It's been over a decade since Evergrey
first popped up on metal radars with the release of The Dark
Discovery and in that time the band continued to build on their
trademark dark melodic metal sounds. Now, two years since the
release of Monday Morning Apocalypse Evergrey are back with new
album Torn and HRH caught up with mainman Tom Englund to find out
more:

Torn is
about to be released, it feels like a long time since Monday Morning
Apocalypse.
Tom
Englund: Yeah, what is it, like two years, two and a half? Yeah
it’s a fairly good long time, but we toured a lot for the Monday
Morning album, and for us it didn’t seem that long. So yeah, but
that is what you hope for really, to have as long time in between
albums as possible if that means you will tour, so it was a healthy
situation for us.
I read
that Torn was actually completed several months ago.
TE:
Yeah, it was actually completed in December. But that has only been
positive though, that gave us a lot of time to really not listen to
the album and then start listening to it again and see what we, you
know, thought of it with some real objectivity, and we’re really
happy with it. I mean we were negotiating with different labels for
a long time and we ended up with SPV and that took a long time. But
we were really determined not to cave in on any of the points that
we wanted to have for it, so it was a bit of a struggle but now we
are in the position where we want to be, so it was worth the wait.
For
Monday Morning Apocalypse you went for the big producer and
everything and you said that it is something that you wanted to do,
but you haven’t this time. Why is that?
TE:
Because when we decided we should do that, that was the first time
we did decide to go with a producer, and it was something we needed
to try. At that time we had already written an album that was more
straight forward and could benefit from an outside producer. So it
wasn’t like he came in and we rewrote the songs, we had written the
songs beforehand and then we decided to get a producer. So you
know, you make choices in your lives and so did we and we’re
extremely happy with the result. With not doing Monday Morning
Apocalypse this album would not have sounded anywhere close to what
it does today, so it has had it’s effect on anything and everything
that we have gone through since.
Monday
Morning Apocalypse did well in the charts, but you read that fans do
not hold it in such high regard as the older material, is that a
disappointment?
TE: Of
course. The day that you become numb to negative critique or
whatever, that’s the day when you should step back and do something
else. Of course it provokes us, but it doesn’t have that big of an
impact on us that we would change our song writing or lose
confidence in what we do. We do what we find to be best, and this
is our band, you know, people with all these comments about we
should raise the keyboards and you should do this and do that. If
we would have listened to people like that since the beginning of
our career we would have been a totally different band. We have
always stayed true to our hearts and what we believe in and written
the songs that we feel should be written.
So at the
same time, as I said, it doesn’t have that much of an impact on us,
but of course we care about what people say but it comes to a time
when you also grow bigger and bigger and you have more and more
people wanting to dislike you. It’s positive in a weird way, it’s
not only your mum and your girlfriend who loves you.
People
have said that Torn brings back some of the old Evergrey, but you
can still hear some of Monday Morning Apocalypse in the music, is
this album the here and now of Evergrey?
TE: I
mean this is it. This is by far the best album we could have
produced at the time. Of course Monday Morning Apocalypse has
influenced both the song writing and production ideas and other
different approaches when it comes to the music. So it had a big
impact on the sound and the overall outcome of the album. So I
think we have the Monday Morning album to thank a lot for how Torn
sounds today.

Tom Englund
Your
first single is going to be Broken Wings, why was that chosen?
TE:
Broken Wings, yeah that’s the video. Probably because… actually we
didn’t chose it, we had three songs that we wanted to make a video
for and it was just the decision of which one we should do first.

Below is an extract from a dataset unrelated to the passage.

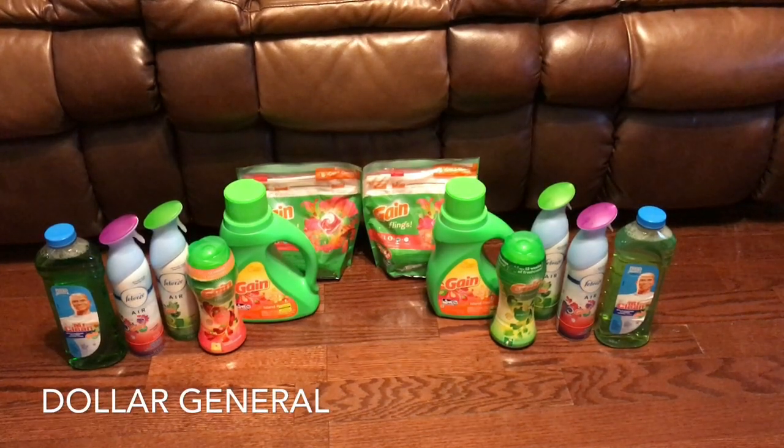Hey you guys, I am back! This deal is Dollar General — I don't know what you want to call it, a glitch run deal, but it's a super deal I would say. This is all digital coupons.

So we let the management and the booking company and the record
company, of course, to decide that for us. Instead of us making a
decision that nobody else would be happy about or whatever, we just
said these are the three songs that we could live with, so you make
they choice. They sat down, actually it took them a good while to
decide for either Soaked, Broken Wings or Torn, so then they chose
this one. So blame it on them.
So does
that mean that Soaked and Torn will also be released?
TE:
Hopefully, I mean it all depends on sales, that’s the funding for
the next video. So that seems like now with all the responses and
radio ads and stuff we have received so far things are going
fantastically well, so I would say Soaked would be the next video.
Having
listened to the album, I personally enjoyed Soaked, so I hope so.
TE:
Yeah, so do I. I mean it’s such a good melancholic feel to that
whole song, and at the same time it has a bit of a rock feel to it
as well, more in the Monday Morning vein, it’s a cool song.
Your
music has a dark edge to it, as do the lyrics which aren’t exactly
the happiest. Does that represent you, or is Evergrey a way for you
to get it out of your system?
TE: It’s
both, of course, I mean of course it represents me in every possible
way. All the lyrics are based on things that I have been through
myself, or somebody close to me has been through, or an event that
has provoked me enough to write about it. Writing lyrics for me is
like talking to my best friend, you can tell him everything and he
listens and doesn’t come with any judgements or anything, I’ll spill
my guts and he listens basically. I just write it down and
hopefully some person in the world will find that comforting in
reading those lyrics and know that he is not the only person, or
she’s not the only person, in the world who has been through life
when life is dark and demanding and frustrating, when you’ve been
Torn basically.
In the
build up to the album the band have been through a lot, for one
you’ve changed bassist (Jari Kainulainen formerly of
Stratovarius),
have they settled in now and are you back to being a band?
TE: We
are extremely happy with him and he is by far one of the best bass
players I have heard, ever, and I’m counting everyone. So yeah it’s
a good thing to have such a great instrumentalist in the band. But
there has also been a lot of other changes, we’ve changed the record
label as you said, and the management and the booking company, all
of the people that have worked around us we’ve tried to… we’ve tried
to step up a notch basically.
Having
signed to SPV, they now have your back catalogue, so I have to ask,
are there any plans for it?
TE: No.
As I said to them ‘you can buy them or whatever, but the day we’re
gonna re-release them we have to do something special with it’.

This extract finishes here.